The dawn of globalisation and the market state brought about a kind of immigration which echoed that of the earlier post-colonial period. People were welcomed for their market value - the skills they could contribute to the economy - and not for a legitimate right to asylum as outlined in the Geneva Convention. Kundnani points to the glaring catch-22 in British Immigration law that has fundamentally robbed people’s human right to seek refuge or asylum in a disparity between national and international law: “To seek asylum is therefore simultaneously a basic human right and an act that is virtually illegal.” (p 68) In a cruel irony for asylum seekers “It is in the very processes of globalising capitalism, which Britain has led and profited from, that their global citizenship derives. We are here because you are there.” (p 71)

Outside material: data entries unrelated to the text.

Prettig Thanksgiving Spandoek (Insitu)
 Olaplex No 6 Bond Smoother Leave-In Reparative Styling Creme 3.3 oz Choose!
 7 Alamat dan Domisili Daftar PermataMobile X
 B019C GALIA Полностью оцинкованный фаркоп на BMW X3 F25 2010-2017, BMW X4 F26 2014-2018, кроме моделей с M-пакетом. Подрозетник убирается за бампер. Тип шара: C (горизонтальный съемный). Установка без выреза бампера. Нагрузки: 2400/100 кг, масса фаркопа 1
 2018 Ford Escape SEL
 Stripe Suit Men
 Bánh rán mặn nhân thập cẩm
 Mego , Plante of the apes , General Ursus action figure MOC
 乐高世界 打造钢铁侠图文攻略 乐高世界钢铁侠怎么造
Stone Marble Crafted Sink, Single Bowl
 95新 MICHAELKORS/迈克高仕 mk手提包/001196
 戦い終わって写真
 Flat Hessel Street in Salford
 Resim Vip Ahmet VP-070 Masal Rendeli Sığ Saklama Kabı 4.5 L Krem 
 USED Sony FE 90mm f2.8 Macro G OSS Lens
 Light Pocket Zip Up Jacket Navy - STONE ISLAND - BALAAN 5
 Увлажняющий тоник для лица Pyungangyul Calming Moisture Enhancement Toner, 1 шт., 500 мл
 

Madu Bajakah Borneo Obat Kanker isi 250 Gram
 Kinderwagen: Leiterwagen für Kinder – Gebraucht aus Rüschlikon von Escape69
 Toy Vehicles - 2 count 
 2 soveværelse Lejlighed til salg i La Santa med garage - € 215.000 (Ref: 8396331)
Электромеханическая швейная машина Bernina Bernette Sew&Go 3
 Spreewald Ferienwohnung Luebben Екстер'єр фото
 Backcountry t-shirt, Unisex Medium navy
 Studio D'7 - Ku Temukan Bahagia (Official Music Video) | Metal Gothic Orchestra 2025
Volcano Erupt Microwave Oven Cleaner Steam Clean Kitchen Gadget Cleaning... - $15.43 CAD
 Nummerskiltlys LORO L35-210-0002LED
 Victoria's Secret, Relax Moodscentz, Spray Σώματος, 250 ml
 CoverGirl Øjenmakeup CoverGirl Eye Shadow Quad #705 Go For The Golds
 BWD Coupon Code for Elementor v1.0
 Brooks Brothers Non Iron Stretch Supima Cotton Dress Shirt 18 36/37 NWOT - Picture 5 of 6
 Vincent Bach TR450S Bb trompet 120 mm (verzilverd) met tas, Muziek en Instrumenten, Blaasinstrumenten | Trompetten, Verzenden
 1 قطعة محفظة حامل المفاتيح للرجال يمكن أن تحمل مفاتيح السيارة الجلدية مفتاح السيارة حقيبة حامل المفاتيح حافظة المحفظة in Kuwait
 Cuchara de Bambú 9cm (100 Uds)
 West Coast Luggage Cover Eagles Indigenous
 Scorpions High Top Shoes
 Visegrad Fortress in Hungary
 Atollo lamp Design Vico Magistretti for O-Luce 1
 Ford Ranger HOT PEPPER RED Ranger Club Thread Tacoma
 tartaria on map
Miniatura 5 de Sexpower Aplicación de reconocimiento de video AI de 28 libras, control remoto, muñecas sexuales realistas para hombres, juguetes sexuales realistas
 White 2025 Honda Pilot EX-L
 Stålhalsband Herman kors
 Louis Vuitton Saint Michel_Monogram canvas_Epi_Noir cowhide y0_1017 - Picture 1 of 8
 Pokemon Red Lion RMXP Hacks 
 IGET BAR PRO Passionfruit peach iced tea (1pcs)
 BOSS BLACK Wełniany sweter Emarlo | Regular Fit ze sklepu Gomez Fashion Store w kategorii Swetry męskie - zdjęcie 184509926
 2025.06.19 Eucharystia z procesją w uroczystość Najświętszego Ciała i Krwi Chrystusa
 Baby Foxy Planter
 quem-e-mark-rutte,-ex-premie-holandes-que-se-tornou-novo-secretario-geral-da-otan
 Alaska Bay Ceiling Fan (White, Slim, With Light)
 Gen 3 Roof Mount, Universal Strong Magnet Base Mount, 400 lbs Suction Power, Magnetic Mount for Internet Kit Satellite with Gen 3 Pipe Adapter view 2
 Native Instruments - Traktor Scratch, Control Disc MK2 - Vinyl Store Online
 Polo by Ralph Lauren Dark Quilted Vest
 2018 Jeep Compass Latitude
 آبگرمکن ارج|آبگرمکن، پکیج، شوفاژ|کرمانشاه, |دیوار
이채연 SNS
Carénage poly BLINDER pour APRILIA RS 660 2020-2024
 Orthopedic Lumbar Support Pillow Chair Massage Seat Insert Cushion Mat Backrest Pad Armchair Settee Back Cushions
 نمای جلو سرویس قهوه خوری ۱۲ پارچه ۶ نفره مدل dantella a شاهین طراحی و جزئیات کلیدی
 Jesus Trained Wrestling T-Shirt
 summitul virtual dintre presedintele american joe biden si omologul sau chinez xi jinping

More dramatically, the 21st century has witnessed the return of a very old prejudice in a very new form. Echoing the medieval fear of the Blackamoor, a new irrational fear of all things Muslim has been proliferated by politicians, the media and society as a whole. The UN’s decision just days prior to 9/11 to outlaw Islamophobia as a form of religio-ethnic discrimination in the same league as anti-semitism, got washed over in the furore of anti-Muslimist sentiment. Not for the first time, the West, as the architect of globalisation, couldn’t handle globalisation’s ramifications, this time in the form of global terror networks. In fact, Muslims and immigrants became almost synonymous entities for politicians and the media during the witch-hunt against all things foreign and alien to the ‘British’ way of life. With the latter being painted in a light of barely muted superiority, the ghost of empire, it seems, was still lurking as politicians made a knowledge of empire part of the citizenship tests which are compulsory for all immigrants. All of this was part of the package of ‘Britishness’ that had to be imbibed by those who wanted to ‘integrate’.
Kundnani scathingly criticises the current state of affairs when he argues that “The market state prefers to prioritise the value of the market and the value of state violence and that it is little wonder, then, that the government prefers to cast around for a mystical Britishness to bind societies together, rather than find common denominators in values of human rights and democracy, codified by law.” (p140)
Kundnani’s bleak view of race relations can sometimes spark sensationalist rhetoric. If racism is indeed embedded, that is partly due to its being the effluent of defunct social systems rather than being calculated vitriol, and the book could have done more to define this distinction.
However, in a world of powerful media spin, blind prejudices and historical amnesia, the book serves as an incisive exposé of an old demon that is still very much lurking in our midst.